### Stored data entries

........

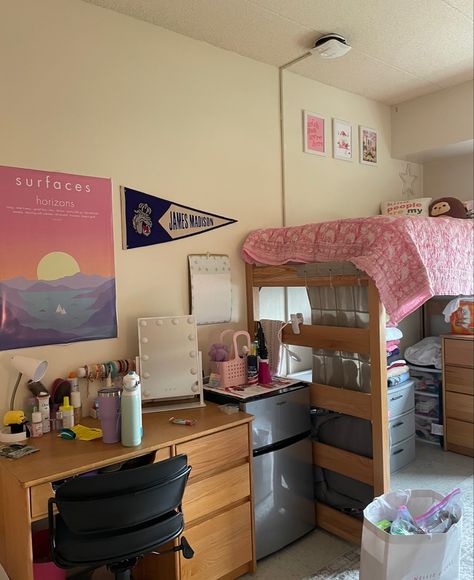 Narrow Dorm Room Ideas, Dorm Room Ideas Under Bed, Triple College Dorm Room, College Dorm Wardrobe, Three Bed Dorm Room Layout, Uiuc Dorm Room Ideas, Futon In Dorm Room, Double Occupancy Dorm Ideas, Aesthetic Dorm Room Ideas Two People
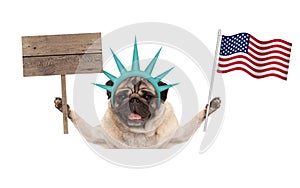 Smiling pug puppy dog holding up American flag and blank wooden sign, wearing lady Liberty crown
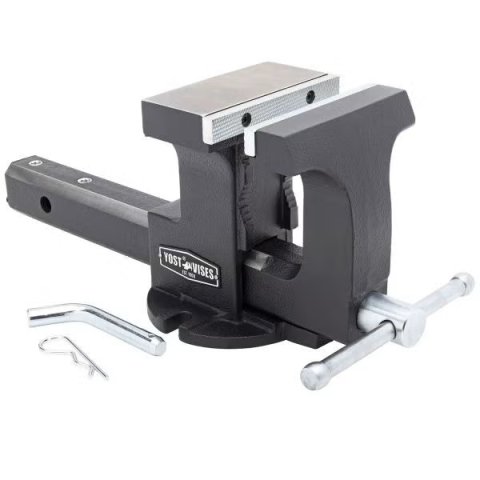 Vise - Bench - YOST - 5.9 in Jaw - Handle Included - Hitch Receiver Mounted - Iron - Black Powder Coat - Each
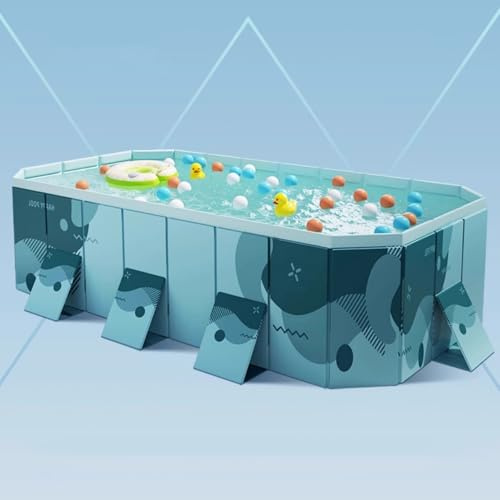 NIUSABOU Schwimmbad ausklappbar, Foldable Collapsible Non-Inflatable Frame Swimming Pool for Kids Adults PVC Multiple Sizes(2.1m/7ft)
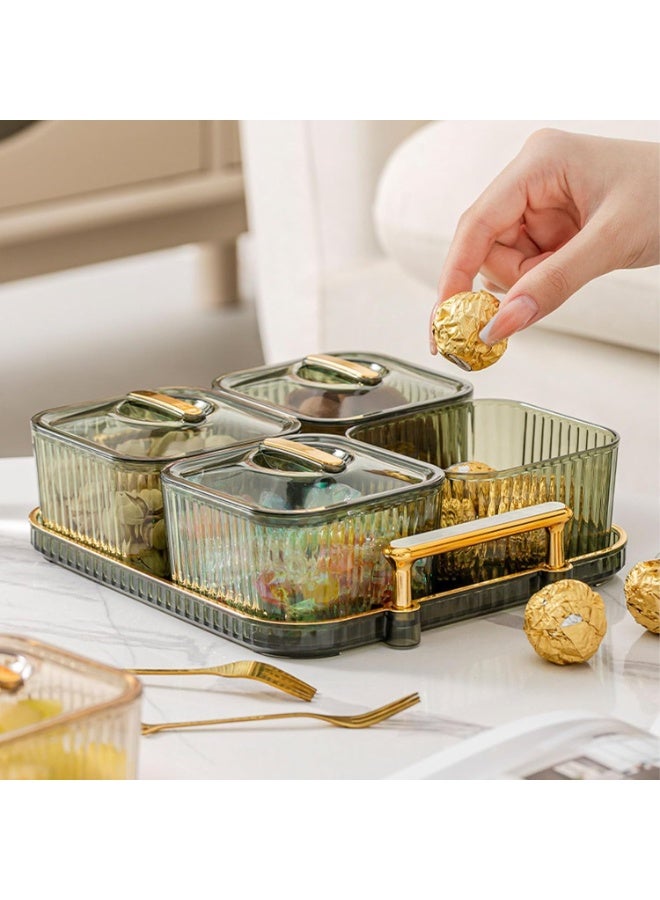 Divided Snack Serving Tray, 4-Compartment Appetizer Platter with Lids, Green - Image 2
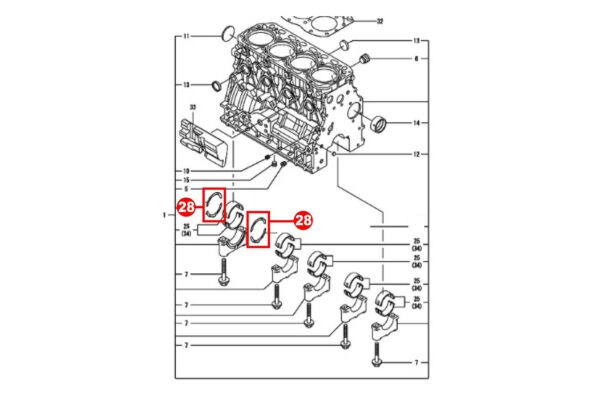 Axial Bearing  STD Yanmar 3TNE84/88, 3TNV84/88, 4TNE84/88, 4TNV84/88, TK482, TK486, Marine, Komatsu, - Image 2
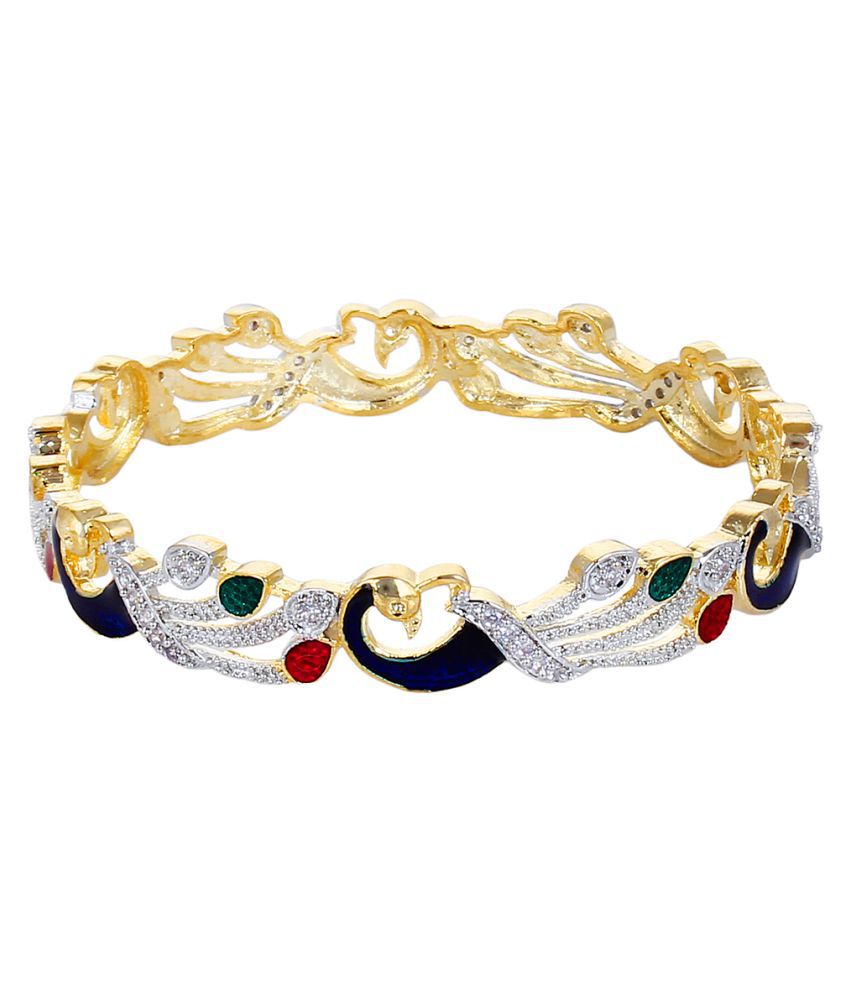     			YouBella Stylish Traditional Jewellery American Diamond Bangle Set for Women (Multi-Colour)(YBBN_8806)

........

### Try it
Every line between the one containing "Vise - Bench" and the last line of the data above, both included, should be copied exactly, but not the pictures.

### Answer space
 Vise - Bench - YOST - 5.9 in Jaw - Handle Included - Hitch Receiver Mounted - Iron - Black Powder Coat - Each
 NIUSABOU Schwimmbad ausklappbar, Foldable Collapsible Non-Inflatable Frame Swimming Pool for Kids Adults PVC Multiple Sizes(2.1m/7ft)
 Divided Snack Serving Tray, 4-Compartment Appetizer Platter with Lids, Green - Image 2
 Axial Bearing  STD Yanmar 3TNE84/88, 3TNV84/88, 4TNE84/88, 4TNV84/88, TK482, TK486, Marine, Komatsu, - Image 2
     			YouBella Stylish Traditional Jewellery American Diamond Bangle Set for Women (Multi-Colour)(YBBN_8806)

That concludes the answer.